En effet, si « chez Antonio Gramsci, l’hégémonie sert à souligner les dimensions culturelle et morale de l’exercice du pouvoir politique » (George Hoare et Nathan Sperber, Introduction à Antonio Gramsci, 2013), encore ne faut-il pas perdre de vue l’autre dimension avant tout sociologique, intellectuelle et humaine d’un processus devant aboutir politiquement à la victoire idéologique. Pour l’Italien, seules priment ce qu’il appelait les « idéologies historiquement organiques […] nécessaires à une certaine structure […] en tant qu’historiquement nécessaires [en ce qu’] elles ont une validité qui est une validité ‘‘psychologique’’ [car] elles ‘‘organisent’’ les masses humaines, forment le terrain où les hommes se meuvent, où ils acquièrent conscience de leur position, où ils luttent ».
Au contraire, les « idéologies arbitraires et rationalistes » parce qu’elles « ne créent rien d’autre que des ‘‘mouvements’’ individuels, des polémiques », ne peuvent conduire par elles-mêmes, en raison de leur artificialité – parfois non dénuée de calculs –, à une prise du pouvoir réelle et durable.
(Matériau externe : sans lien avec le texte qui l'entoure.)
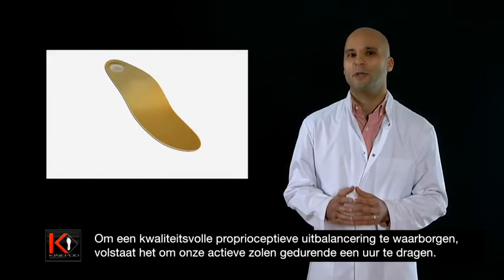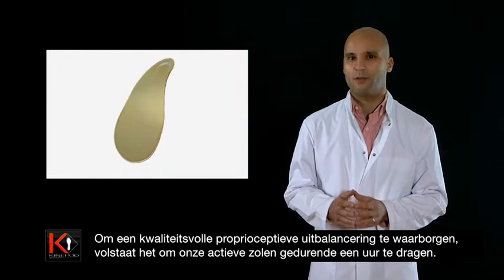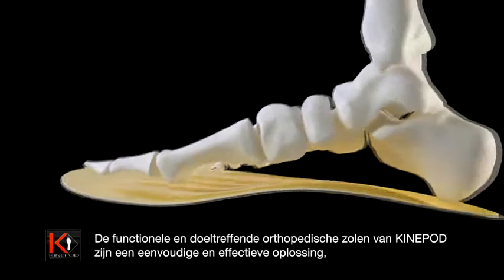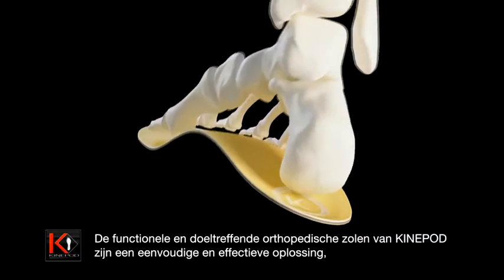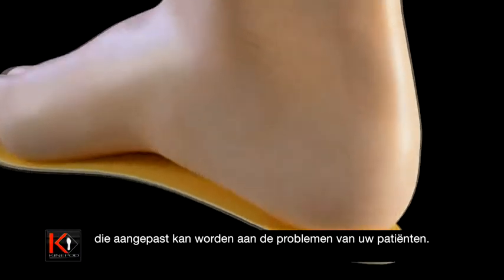To ensure quality proprioceptive equilibrium, wearing our active soles for one hour is sufficient. Kinopod orthopedic soles are functional and active, offering a simple and efficient solution that can be adapted to your patient's problems. Don't hesitate to propose them straight away.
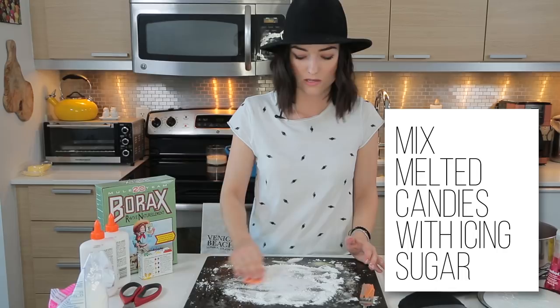I think my favorite is the fluffy slime. Leave me a comment below if you've ever tried this out, or if you do try all of these out, let me know which one was your favorite. And of course, don't forget to hit that subscribe button. Keep it kinda classy. Slime.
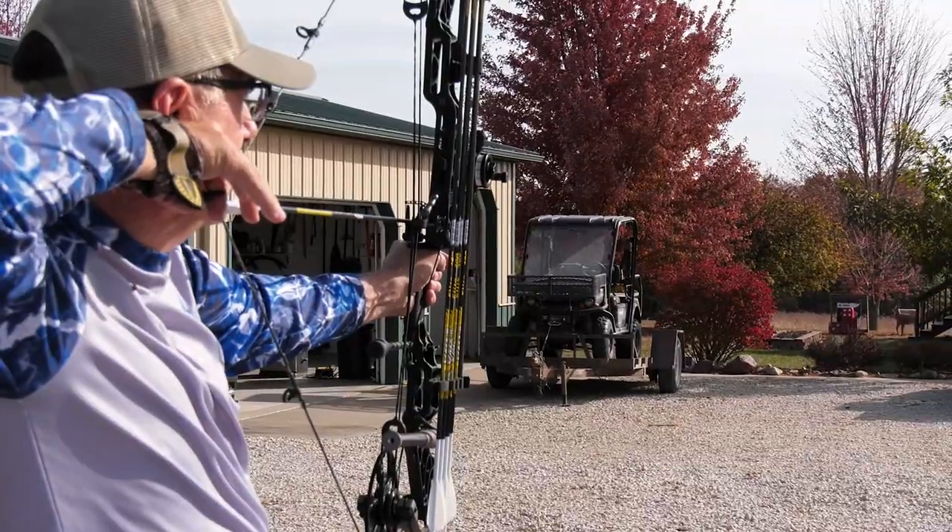So there's some things that work for me. As we all age, there are things we have to do to make sure we can stay out there as long as we can. That Victory arrow with that Rage has been a deadly combination, even at my lower poundage of 53, 54 pounds.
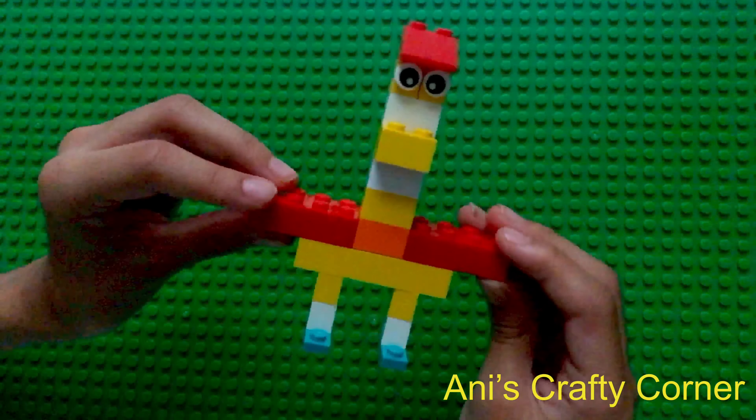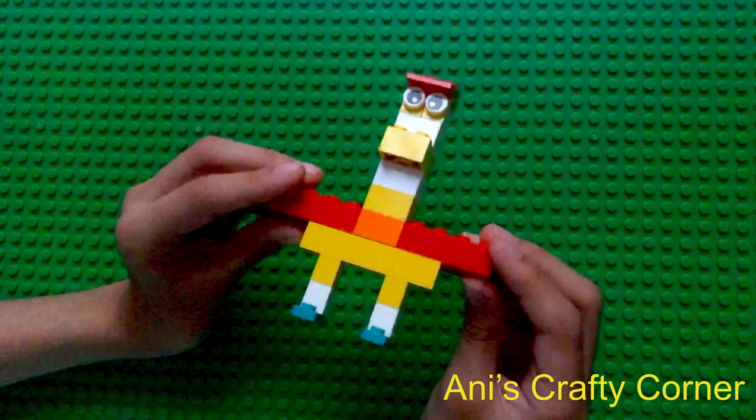And that's your half bird, half man finished! I hope you enjoyed — see you next time, bye!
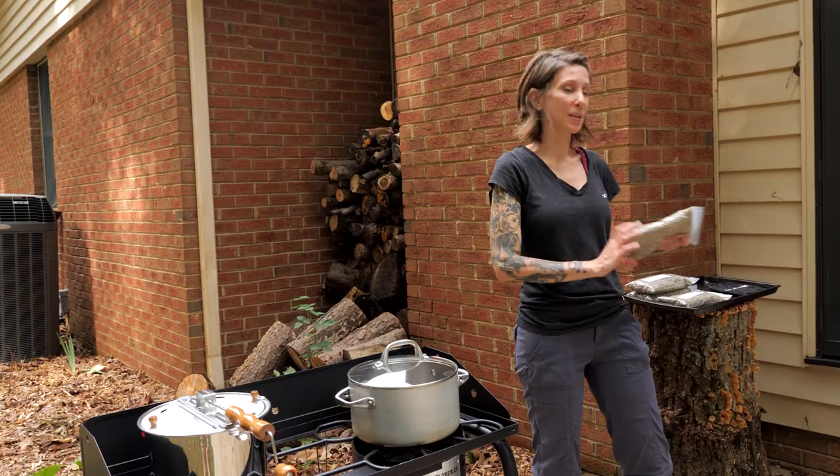Hi, it's Jamie from Guildbrook Farm, where we take you along on a journey to become more self-reliant. This is our off-grid cooking series, and we are going to roast some green coffee beans.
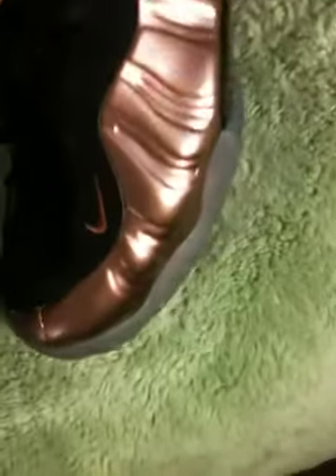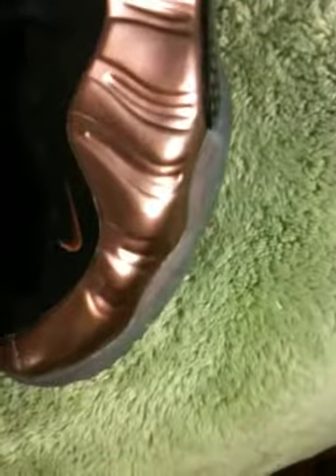I scuffed my coppers pretty bad. Should I just show you that? Alright, well, I'll see you guys later.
Pour ce faire, il importe que l’idéologie s’enracine et jaillisse d’une praxis. Pour Gramsci, le terme équivaut à celui de marxisme, en ce sens qu’il cherche à dépasser l’historicisme hégélien, sans pour autant l’écarter (tout comme Marx, mais à cette différence fondamentale que celui-ci en récusait l’idéalisme au nom du matérialisme, alors que Gramsci les renvoie dos à dos) : « la philosophie de la praxis, c’est l’ ‘‘historicisme’’ absolu, c’est la pensée qui devient absolument mondaine et terrestre, un humanisme absolu de l’histoire. C’est dans cette direction qu’il faut creuser le filon de la nouvelle conception du monde. »
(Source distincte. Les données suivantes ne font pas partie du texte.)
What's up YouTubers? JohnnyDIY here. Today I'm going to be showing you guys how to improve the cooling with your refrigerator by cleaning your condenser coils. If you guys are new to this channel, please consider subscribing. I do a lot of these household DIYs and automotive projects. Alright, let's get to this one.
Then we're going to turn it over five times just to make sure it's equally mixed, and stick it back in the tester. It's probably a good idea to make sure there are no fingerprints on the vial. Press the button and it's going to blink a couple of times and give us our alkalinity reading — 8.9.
La philosophie de la praxis doit donc renfermer toutes les contradictions sociales et ne peut donc vouloir opérer de tri arbitraire entre elles – ce qui reviendrait à admettre le règne des « idéologies arbitraires ». La pleine conscience du monde suppose une connaissance absolue non point d’un savoir universel mais de ce qui agit en propre culturellement au sein de sa pratique quotidienne. La figure gramscienne de « l’intellectuel organique » devient, dès lors, déterminante dans la mesure où elle a vocation, par une praxis « mondaine », c’est-à-dire ancrée dans les réalités même les plus prosaïques, à susciter une conscience de classe jusqu’à la faire advenir au seuil décisif d’une transformation politique radicale de la société. Le groupe social encastré dans les réalités ne peut échapper, par nature et par définition, à la socialité concrète – ou « terrestre », si l’on veut – et donc à une certaine praxis culturelle commune. Encadré par des intellectuels organiques, éduqué par « le travail vivant du maître » et le journaliste, façonneur systémique de l’opinion, le groupe accède peu à peu à une « situation hégémonique, grâce à la direction intellectuelle et morale (culturelle) de tous les alliés du prolétariat dont on a gagné le consentement et dont on veut organiser le ‘‘consentement actif’’ » (François Ricci, Jean Bramant, Gramsci dans le texte, 1975).
Toutefois, le succès de cette hégémonie est politiquement commandé par une structure homogénéisatrice que Gramsci subsumait sous le nomen arcanum de « Prince moderne », soit le parti politique. Dans une optique marxiste, le Sarde le concevait unique, organisé et aux mains d’une élite dirigeante – dont l’intellectuel organique serait un des avatars. Mutatis mutandis, dans la perspective machiavélienne et saint-simonienne actuelle – à tout le moins en France – le parti « majoritaire » – qui aurait, au surplus, absorbé toutes les autres factions concurrentes et satellitaires – serait devenu unique parce que dominant. Le bloc historique formé par la bourgeoisie participe d’un processus hégémonique par élargissement du consentement des masses.